Dataset excerpt:
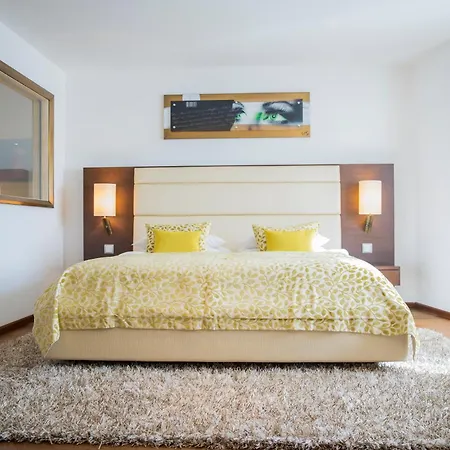 Hotel Iris Porsche & Restaurant Mondsee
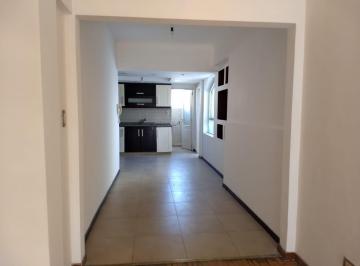 Departamento de 4 ambientes, Tres de Febrero · Caseros Centro, Departamento 4 Ambientes con Balcón y Patio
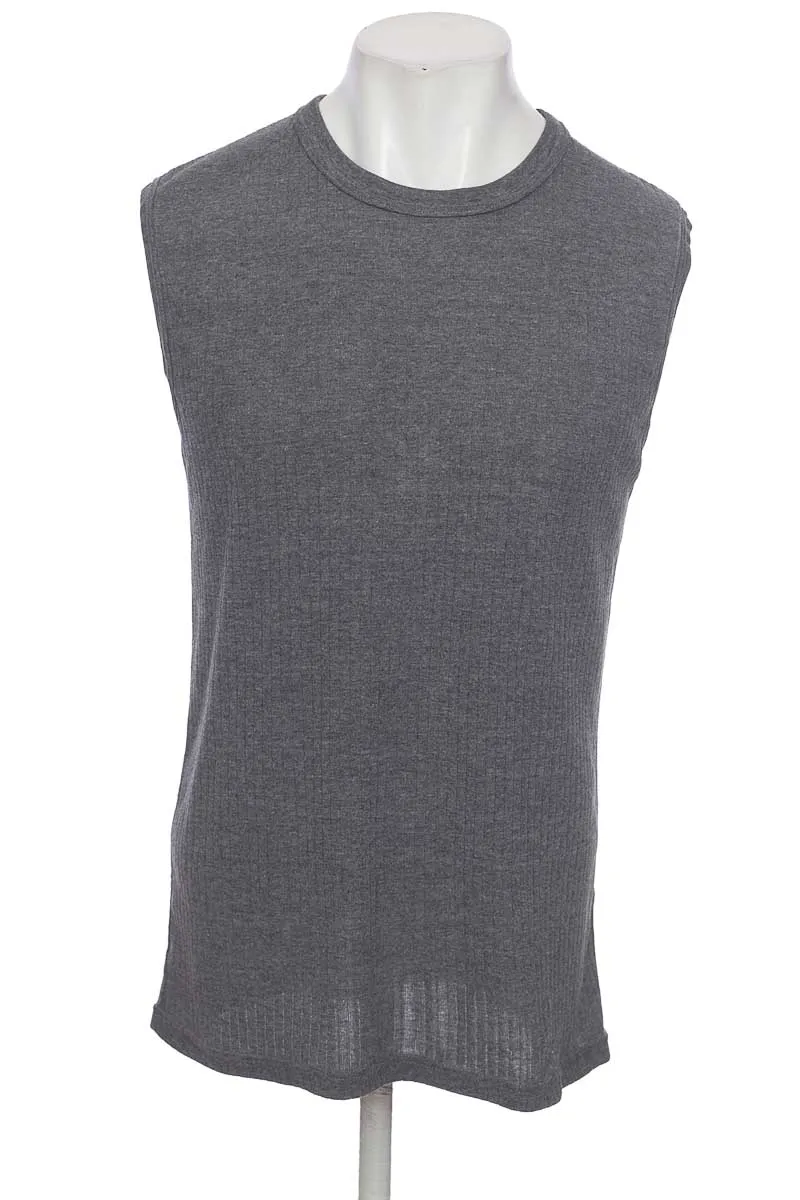 CAMISETA COLOR GRIS  GEF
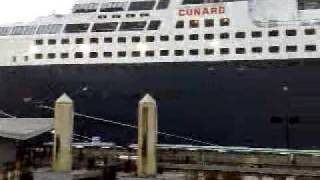 Liverpool QM2, from the dockside, Oct 09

The problem:
Please retype all of the material exactly, skipping whatever images it holds.

Response area:
 Hotel Iris Porsche & Restaurant Mondsee
 Departamento de 4 ambientes, Tres de Febrero · Caseros Centro, Departamento 4 Ambientes con Balcón y Patio
 CAMISETA COLOR GRIS  GEF
 Liverpool QM2, from the dockside, Oct 09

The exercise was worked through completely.